Re: Term for "UTF-8, UTF-16 and UTF-32"

From: Jens Maurer <jens.maurer_at_[hidden]>
Date: Thu, 9 Feb 2023 02:56:51 +0100
On 09/02/2023 02.39, Robin Leroy via SG16 wrote:
> Dear Corentin,
> I think you want to refer to /the Unicode encoding forms/.

No, that's not the right term, because its definition is not closed.

> See, for instance:
> The Unicode Standard, Section 3.9, Unicode Encoding Forms <http://www.unicode.org/versions/Unicode15.0.0/ch03.pdf#G7404>:

This says

D79 A Unicode encoding form assigns each Unicode scalar value to a unique code unit

So, any rule that maps Unicode scalar values to a unique code point
sequence is a Unicode encoding form. This certainly includes
UTF-8, UTF-16, and UTF-32, but it also includes CESU-8.

> The Unicode Standard supports three character encoding forms: UTF-32, UTF-16, and UTF-8.

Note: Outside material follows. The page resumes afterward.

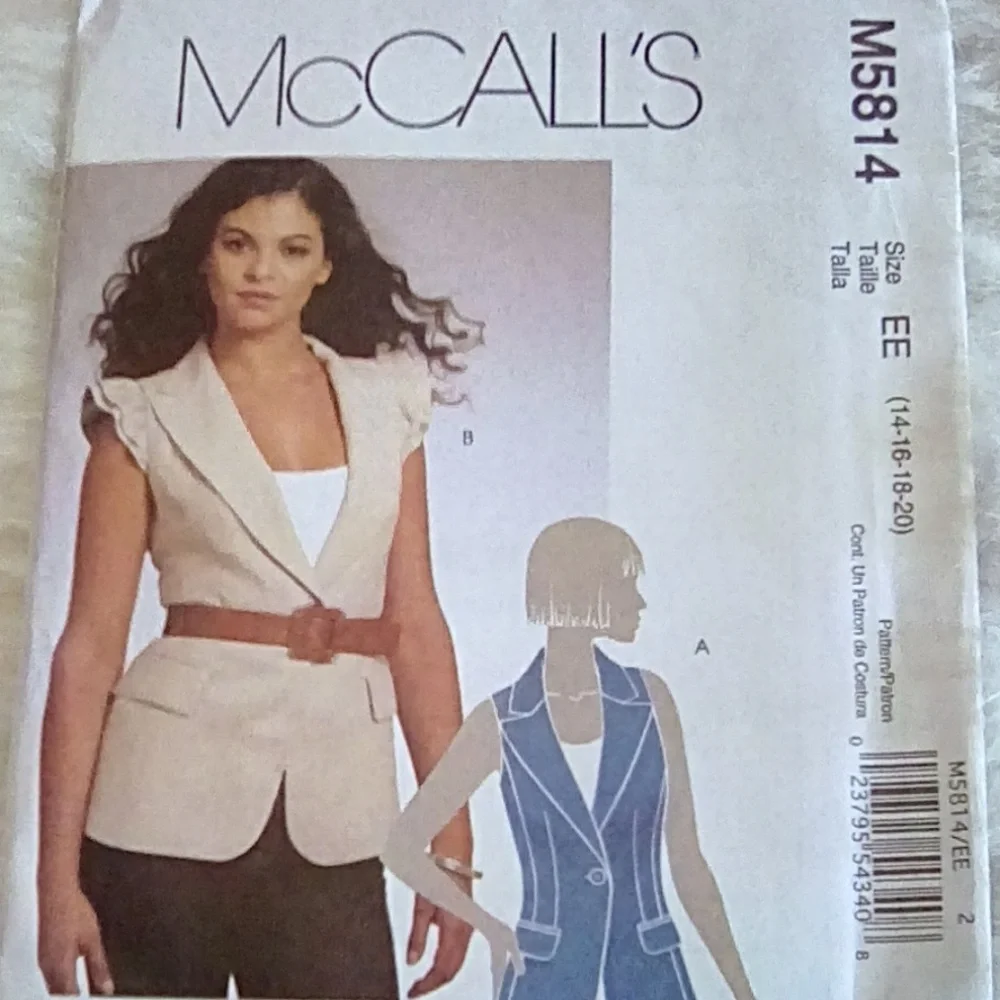 McCalls Sleeveless Jacket 14-16-18-20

No disagreement here, but that's not the definition of
"Unicode encoding form".

> Unicode Technical Report #17, Unicode Character Encoding Model, Section 5 Character Encoding Scheme (CES): <https://www.unicode.org/reports/tr17/#CharacterEncodingScheme>
> Some of the Unicode encoding schemes have the same labels as the three Unicode encoding forms.
> Note that /Unicode encodings specified in the Unicode standard/ is a little bit ambiguous, because Unicode distinguishes the encoding /forms/ (code points to code units) from the encoding /schemes/ (code units to bytes; the Unicode Standard supports seven encoding schemes, with LE/BE/BOM for 16 and 32). Assuming that the context here is [format.string.escaped] in document P2736, it looks like you are indeed dealing with the interpretation of code units (represented by the types char8_t, char16_t, and char32_t, per [lex.string.literal] referenced in [format.string.escaped]), and thus with encoding /forms/.

Yes. So, a valid description for the (closed) set UTF-8, UTF-16, UTF-32
would be

"The Unicode encoding forms specified in the Unicode standard"

but that's actually quite a mouthful and longer than "UTF-8, UTF-16, UTF-32".
Except that the latter list is ambiguous regarding encoding form/encoding scheme,
which is not great in itself.


Received on 2023-02-09 01:56:57